[Task data — start]

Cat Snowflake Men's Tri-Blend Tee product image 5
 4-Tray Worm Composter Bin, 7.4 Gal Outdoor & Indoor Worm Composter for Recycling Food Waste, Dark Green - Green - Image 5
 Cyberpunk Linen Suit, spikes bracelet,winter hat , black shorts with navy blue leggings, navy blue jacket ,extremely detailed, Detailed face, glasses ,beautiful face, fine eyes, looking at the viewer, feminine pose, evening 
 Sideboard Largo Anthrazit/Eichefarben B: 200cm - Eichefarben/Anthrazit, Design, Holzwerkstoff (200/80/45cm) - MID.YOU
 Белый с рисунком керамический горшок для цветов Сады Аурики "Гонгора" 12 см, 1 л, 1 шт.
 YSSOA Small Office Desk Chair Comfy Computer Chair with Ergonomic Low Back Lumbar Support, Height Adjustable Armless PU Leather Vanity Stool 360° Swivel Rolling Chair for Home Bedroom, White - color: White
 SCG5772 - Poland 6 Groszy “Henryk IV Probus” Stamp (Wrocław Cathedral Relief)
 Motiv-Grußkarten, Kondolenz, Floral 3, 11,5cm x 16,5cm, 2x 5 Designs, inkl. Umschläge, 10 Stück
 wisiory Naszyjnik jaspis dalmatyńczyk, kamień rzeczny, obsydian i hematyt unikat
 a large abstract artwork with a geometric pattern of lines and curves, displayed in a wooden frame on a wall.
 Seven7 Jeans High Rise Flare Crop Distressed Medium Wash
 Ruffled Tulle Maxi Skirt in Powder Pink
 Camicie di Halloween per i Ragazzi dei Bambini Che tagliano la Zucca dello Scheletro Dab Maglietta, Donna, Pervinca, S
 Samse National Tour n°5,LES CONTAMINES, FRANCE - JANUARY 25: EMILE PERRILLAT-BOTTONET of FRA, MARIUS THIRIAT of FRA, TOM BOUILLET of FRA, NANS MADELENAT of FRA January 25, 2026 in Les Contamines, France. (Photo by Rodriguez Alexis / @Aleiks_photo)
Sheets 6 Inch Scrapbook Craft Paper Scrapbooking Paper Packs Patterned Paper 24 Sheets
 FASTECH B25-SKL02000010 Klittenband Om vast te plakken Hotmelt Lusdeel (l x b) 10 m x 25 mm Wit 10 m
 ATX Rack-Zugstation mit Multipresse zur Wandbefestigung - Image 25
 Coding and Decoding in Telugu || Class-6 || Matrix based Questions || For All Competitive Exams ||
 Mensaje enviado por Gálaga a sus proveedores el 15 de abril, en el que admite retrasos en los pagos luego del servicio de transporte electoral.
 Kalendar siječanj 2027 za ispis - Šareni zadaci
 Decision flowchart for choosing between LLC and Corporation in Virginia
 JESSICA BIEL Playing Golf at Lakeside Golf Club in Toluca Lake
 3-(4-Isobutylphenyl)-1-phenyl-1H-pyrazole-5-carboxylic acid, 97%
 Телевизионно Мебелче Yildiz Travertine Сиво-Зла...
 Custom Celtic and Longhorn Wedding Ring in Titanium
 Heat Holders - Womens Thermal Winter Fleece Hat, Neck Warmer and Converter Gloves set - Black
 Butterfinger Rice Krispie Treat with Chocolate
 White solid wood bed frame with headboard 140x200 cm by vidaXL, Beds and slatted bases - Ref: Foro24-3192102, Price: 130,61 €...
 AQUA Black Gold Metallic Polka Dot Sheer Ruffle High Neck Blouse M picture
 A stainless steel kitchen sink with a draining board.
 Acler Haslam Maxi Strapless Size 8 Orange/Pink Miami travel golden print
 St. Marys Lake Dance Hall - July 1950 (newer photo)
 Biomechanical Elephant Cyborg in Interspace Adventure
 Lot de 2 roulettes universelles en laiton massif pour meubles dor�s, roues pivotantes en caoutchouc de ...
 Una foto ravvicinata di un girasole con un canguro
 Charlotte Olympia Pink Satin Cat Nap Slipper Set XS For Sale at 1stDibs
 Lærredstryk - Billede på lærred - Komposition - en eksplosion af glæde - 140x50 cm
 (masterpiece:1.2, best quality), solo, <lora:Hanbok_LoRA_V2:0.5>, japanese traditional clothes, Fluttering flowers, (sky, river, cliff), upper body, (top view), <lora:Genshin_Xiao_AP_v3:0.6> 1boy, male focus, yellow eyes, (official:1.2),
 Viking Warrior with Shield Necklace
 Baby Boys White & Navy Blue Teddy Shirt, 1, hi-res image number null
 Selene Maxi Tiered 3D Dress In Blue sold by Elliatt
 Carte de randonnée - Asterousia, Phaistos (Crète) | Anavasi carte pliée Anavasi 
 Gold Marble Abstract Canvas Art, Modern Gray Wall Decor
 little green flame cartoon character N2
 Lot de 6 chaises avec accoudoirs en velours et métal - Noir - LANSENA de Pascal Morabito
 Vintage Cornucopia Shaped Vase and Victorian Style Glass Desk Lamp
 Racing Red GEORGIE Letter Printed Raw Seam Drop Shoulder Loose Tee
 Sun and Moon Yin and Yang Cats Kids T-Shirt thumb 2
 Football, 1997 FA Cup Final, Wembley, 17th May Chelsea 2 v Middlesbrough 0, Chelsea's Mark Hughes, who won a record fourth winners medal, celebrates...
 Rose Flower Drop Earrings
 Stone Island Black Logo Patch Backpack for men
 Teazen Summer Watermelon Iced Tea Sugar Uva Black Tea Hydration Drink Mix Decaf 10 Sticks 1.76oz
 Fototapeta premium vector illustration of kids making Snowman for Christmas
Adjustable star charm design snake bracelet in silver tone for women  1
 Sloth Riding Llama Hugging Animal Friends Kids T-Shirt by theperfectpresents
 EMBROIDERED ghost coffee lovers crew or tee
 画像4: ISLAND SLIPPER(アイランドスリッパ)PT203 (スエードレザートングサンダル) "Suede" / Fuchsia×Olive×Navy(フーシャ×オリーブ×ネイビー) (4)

[Task data — finish]

### [Task description]
All of the lines above are to be restated word for word.

### [Solution below]
Cat Snowflake Men's Tri-Blend Tee product image 5
 4-Tray Worm Composter Bin, 7.4 Gal Outdoor & Indoor Worm Composter for Recycling Food Waste, Dark Green - Green - Image 5
 Cyberpunk Linen Suit, spikes bracelet,winter hat , black shorts with navy blue leggings, navy blue jacket ,extremely detailed, Detailed face, glasses ,beautiful face, fine eyes, looking at the viewer, feminine pose, evening 
 Sideboard Largo Anthrazit/Eichefarben B: 200cm - Eichefarben/Anthrazit, Design, Holzwerkstoff (200/80/45cm) - MID.YOU
 Белый с рисунком керамический горшок для цветов Сады Аурики "Гонгора" 12 см, 1 л, 1 шт.
 YSSOA Small Office Desk Chair Comfy Computer Chair with Ergonomic Low Back Lumbar Support, Height Adjustable Armless PU Leather Vanity Stool 360° Swivel Rolling Chair for Home Bedroom, White - color: White
 SCG5772 - Poland 6 Groszy “Henryk IV Probus” Stamp (Wrocław Cathedral Relief)
 Motiv-Grußkarten, Kondolenz, Floral 3, 11,5cm x 16,5cm, 2x 5 Designs, inkl. Umschläge, 10 Stück
 wisiory Naszyjnik jaspis dalmatyńczyk, kamień rzeczny, obsydian i hematyt unikat
 a large abstract artwork with a geometric pattern of lines and curves, displayed in a wooden frame on a wall.
 Seven7 Jeans High Rise Flare Crop Distressed Medium Wash
 Ruffled Tulle Maxi Skirt in Powder Pink
 Camicie di Halloween per i Ragazzi dei Bambini Che tagliano la Zucca dello Scheletro Dab Maglietta, Donna, Pervinca, S
 Samse National Tour n°5,LES CONTAMINES, FRANCE - JANUARY 25: EMILE PERRILLAT-BOTTONET of FRA, MARIUS THIRIAT of FRA, TOM BOUILLET of FRA, NANS MADELENAT of FRA January 25, 2026 in Les Contamines, France. (Photo by Rodriguez Alexis / @Aleiks_photo)
Sheets 6 Inch Scrapbook Craft Paper Scrapbooking Paper Packs Patterned Paper 24 Sheets
 FASTECH B25-SKL02000010 Klittenband Om vast te plakken Hotmelt Lusdeel (l x b) 10 m x 25 mm Wit 10 m
 ATX Rack-Zugstation mit Multipresse zur Wandbefestigung - Image 25
 Coding and Decoding in Telugu || Class-6 || Matrix based Questions || For All Competitive Exams ||
 Mensaje enviado por Gálaga a sus proveedores el 15 de abril, en el que admite retrasos en los pagos luego del servicio de transporte electoral.
 Kalendar siječanj 2027 za ispis - Šareni zadaci
 Decision flowchart for choosing between LLC and Corporation in Virginia
 JESSICA BIEL Playing Golf at Lakeside Golf Club in Toluca Lake
 3-(4-Isobutylphenyl)-1-phenyl-1H-pyrazole-5-carboxylic acid, 97%
 Телевизионно Мебелче Yildiz Travertine Сиво-Зла...
 Custom Celtic and Longhorn Wedding Ring in Titanium
 Heat Holders - Womens Thermal Winter Fleece Hat, Neck Warmer and Converter Gloves set - Black
 Butterfinger Rice Krispie Treat with Chocolate
 White solid wood bed frame with headboard 140x200 cm by vidaXL, Beds and slatted bases - Ref: Foro24-3192102, Price: 130,61 €...
 AQUA Black Gold Metallic Polka Dot Sheer Ruffle High Neck Blouse M picture
 A stainless steel kitchen sink with a draining board.
 Acler Haslam Maxi Strapless Size 8 Orange/Pink Miami travel golden print
 St. Marys Lake Dance Hall - July 1950 (newer photo)
 Biomechanical Elephant Cyborg in Interspace Adventure
 Lot de 2 roulettes universelles en laiton massif pour meubles dor�s, roues pivotantes en caoutchouc de ...
 Una foto ravvicinata di un girasole con un canguro
 Charlotte Olympia Pink Satin Cat Nap Slipper Set XS For Sale at 1stDibs
 Lærredstryk - Billede på lærred - Komposition - en eksplosion af glæde - 140x50 cm
 (masterpiece:1.2, best quality), solo, <lora:Hanbok_LoRA_V2:0.5>, japanese traditional clothes, Fluttering flowers, (sky, river, cliff), upper body, (top view), <lora:Genshin_Xiao_AP_v3:0.6> 1boy, male focus, yellow eyes, (official:1.2),
 Viking Warrior with Shield Necklace
 Baby Boys White & Navy Blue Teddy Shirt, 1, hi-res image number null
 Selene Maxi Tiered 3D Dress In Blue sold by Elliatt
 Carte de randonnée - Asterousia, Phaistos (Crète) | Anavasi carte pliée Anavasi 
 Gold Marble Abstract Canvas Art, Modern Gray Wall Decor
 little green flame cartoon character N2
 Lot de 6 chaises avec accoudoirs en velours et métal - Noir - LANSENA de Pascal Morabito
 Vintage Cornucopia Shaped Vase and Victorian Style Glass Desk Lamp
 Racing Red GEORGIE Letter Printed Raw Seam Drop Shoulder Loose Tee
 Sun and Moon Yin and Yang Cats Kids T-Shirt thumb 2
 Football, 1997 FA Cup Final, Wembley, 17th May Chelsea 2 v Middlesbrough 0, Chelsea's Mark Hughes, who won a record fourth winners medal, celebrates...
 Rose Flower Drop Earrings
 Stone Island Black Logo Patch Backpack for men
 Teazen Summer Watermelon Iced Tea Sugar Uva Black Tea Hydration Drink Mix Decaf 10 Sticks 1.76oz
 Fototapeta premium vector illustration of kids making Snowman for Christmas
Adjustable star charm design snake bracelet in silver tone for women  1
 Sloth Riding Llama Hugging Animal Friends Kids T-Shirt by theperfectpresents
 EMBROIDERED ghost coffee lovers crew or tee
 画像4: ISLAND SLIPPER(アイランドスリッパ)PT203 (スエードレザートングサンダル) "Suede" / Fuchsia×Olive×Navy(フーシャ×オリーブ×ネイビー) (4)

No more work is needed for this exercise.